3.3 Metrics and Benchmarks Listing
The choice of the right metrics depends on the identified performance features to be evaluated , while given that the performance features are yet insufficient for choosing right metrics. On the one hand, a performance feature can be measured by different metrics with different benchmarks ; on the other hand, the selection of particular metrics and benchmarks might have other constraints or tradeoffs (see the step Metrics and Benchmarks Selection below). Therefore, to facilitate the metric/benchmark selection, it is also helpful for evaluators to refer to the existing available metrics and benchmarks for the corresponding evaluation implementation.
The purpose of the step Metrics and Benchmarks Listing is thus to list as many as possible candidate metrics and benchmarks for evaluating the identified performance features.
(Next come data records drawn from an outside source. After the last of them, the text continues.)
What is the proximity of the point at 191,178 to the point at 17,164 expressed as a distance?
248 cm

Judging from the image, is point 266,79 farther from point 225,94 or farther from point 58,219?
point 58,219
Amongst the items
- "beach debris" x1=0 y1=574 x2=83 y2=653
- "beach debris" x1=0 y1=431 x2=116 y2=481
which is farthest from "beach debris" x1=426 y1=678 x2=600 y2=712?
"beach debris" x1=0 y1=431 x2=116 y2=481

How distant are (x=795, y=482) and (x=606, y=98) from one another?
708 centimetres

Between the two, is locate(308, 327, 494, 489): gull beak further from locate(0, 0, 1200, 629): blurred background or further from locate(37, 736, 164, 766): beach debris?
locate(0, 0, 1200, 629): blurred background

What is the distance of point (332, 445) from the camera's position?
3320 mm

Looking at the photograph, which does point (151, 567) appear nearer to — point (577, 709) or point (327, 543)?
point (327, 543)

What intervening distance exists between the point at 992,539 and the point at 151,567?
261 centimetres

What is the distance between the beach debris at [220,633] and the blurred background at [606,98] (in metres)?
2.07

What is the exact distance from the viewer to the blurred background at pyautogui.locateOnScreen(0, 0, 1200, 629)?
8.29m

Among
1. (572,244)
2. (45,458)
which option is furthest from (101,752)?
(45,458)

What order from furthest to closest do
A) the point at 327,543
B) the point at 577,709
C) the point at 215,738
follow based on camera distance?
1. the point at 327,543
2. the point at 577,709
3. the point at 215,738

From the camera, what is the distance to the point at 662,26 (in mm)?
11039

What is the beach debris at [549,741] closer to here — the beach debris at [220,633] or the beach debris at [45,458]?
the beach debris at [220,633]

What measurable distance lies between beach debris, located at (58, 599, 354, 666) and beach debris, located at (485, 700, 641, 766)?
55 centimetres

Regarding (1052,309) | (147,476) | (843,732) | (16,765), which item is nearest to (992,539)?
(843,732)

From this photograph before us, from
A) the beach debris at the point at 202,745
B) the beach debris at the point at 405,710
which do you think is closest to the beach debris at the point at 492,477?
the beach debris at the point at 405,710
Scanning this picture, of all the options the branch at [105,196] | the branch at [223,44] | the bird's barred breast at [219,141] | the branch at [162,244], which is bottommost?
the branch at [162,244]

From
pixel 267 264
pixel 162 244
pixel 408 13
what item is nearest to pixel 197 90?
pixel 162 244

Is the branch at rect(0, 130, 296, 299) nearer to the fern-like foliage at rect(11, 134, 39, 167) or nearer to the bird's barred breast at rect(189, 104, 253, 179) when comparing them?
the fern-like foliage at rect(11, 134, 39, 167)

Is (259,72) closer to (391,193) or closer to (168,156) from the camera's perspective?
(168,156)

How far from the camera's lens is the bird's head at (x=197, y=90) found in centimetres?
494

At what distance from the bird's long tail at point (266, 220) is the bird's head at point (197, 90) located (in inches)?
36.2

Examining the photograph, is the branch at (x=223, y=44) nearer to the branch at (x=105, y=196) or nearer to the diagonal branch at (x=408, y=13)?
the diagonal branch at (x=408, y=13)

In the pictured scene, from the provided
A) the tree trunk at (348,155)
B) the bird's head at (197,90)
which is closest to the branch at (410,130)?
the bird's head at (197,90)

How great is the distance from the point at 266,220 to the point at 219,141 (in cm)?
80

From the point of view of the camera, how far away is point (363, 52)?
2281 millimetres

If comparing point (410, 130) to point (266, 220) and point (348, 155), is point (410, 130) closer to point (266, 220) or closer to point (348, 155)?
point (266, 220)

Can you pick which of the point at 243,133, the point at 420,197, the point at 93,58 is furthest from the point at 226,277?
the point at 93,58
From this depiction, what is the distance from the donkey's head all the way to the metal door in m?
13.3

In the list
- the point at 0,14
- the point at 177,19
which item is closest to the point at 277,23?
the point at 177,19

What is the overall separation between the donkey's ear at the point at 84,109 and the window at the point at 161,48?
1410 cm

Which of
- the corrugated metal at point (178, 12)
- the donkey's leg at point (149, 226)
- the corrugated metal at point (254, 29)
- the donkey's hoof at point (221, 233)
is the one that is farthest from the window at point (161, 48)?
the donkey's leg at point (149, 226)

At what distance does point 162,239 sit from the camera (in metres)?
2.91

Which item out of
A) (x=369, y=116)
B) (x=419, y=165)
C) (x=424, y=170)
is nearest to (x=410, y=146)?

The elements of this step are specified as below.
The input is the identified performance features to be evaluated.
For each of the identified performance features, evaluators enumerate as many relevant metrics and benchmarks as they can come up with.
Evaluators can use the identified Cloud service features as retrieval keys to quickly search metrics and benchmarks from the knowledge artefact Metrics Catalogue (e.g., a metrics catalogue for performance evaluation of Cloud services )111An online version of this metrics catalogue can be found at: http://cloudservicesevaluation.appspot.com/. The Metrics Catalogue essentially provides a lookup capability for finding candidate metrics and benchmarks from the existing evaluation experiences in a particular system domain.
Note that group meetings and expert opinions are not supposed to be completely replaced with this Metrics Catalogue. New metrics and benchmarks can still be introduced by domain experts and other evaluators.
The output of this step is a set of lists of candidate metrics and benchmarks, and each list is related to a single performance feature.
In general, scalability has to be reflected by the change of value of some primary performance features . To simplify the demonstration, suppose we measure the primary feature “communication data throughput” to reflect the previously identified feature scalability. Benefiting from the pre-built metrics catalogue  (note that this catalogue is for evaluating Cloud service systems only), we can quickly list two candidate metrics and each of them corresponds to four candidate benchmarks for evaluating the performance feature “communication data throughput”, as shown in Table 1.
|Communication Data Throughput||TCP/UDP/IP Transfer Speed||iPerf|
|Private tools TCPTest/UDPTest|
|Upload/Download/Send large size data|
|MPI Transfer Speed||HPCC: b_eff|
|Intel MPI Bench|
|OMB-3.1 with MPI|
3.4 Metrics and Benchmarks Selection
A metric is a measurable quantity that precisely captures some characteristics of a performance feature. According to the rich research in the evaluation of computer systems, the selection of metrics plays an essential role in evaluation implementations . Furthermore, a suitable metric would play a Response Variable role  in applying DOE to performance evaluation. Although traditional evaluation lessons treat metrics selection as one of the prerequisites of benchmark selection , the availability of benchmarks could in turn constrain the employment of metrics. For example, if adopting the benchmark iPerf, only one metric (i.e. TCP/UDP/IP Transfer Speed) can be selected from the list to measure the feature communication data throughput (cf. Table 1). Therefore, DoKnowMe puts the selection of metrics and benchmarks together within one step.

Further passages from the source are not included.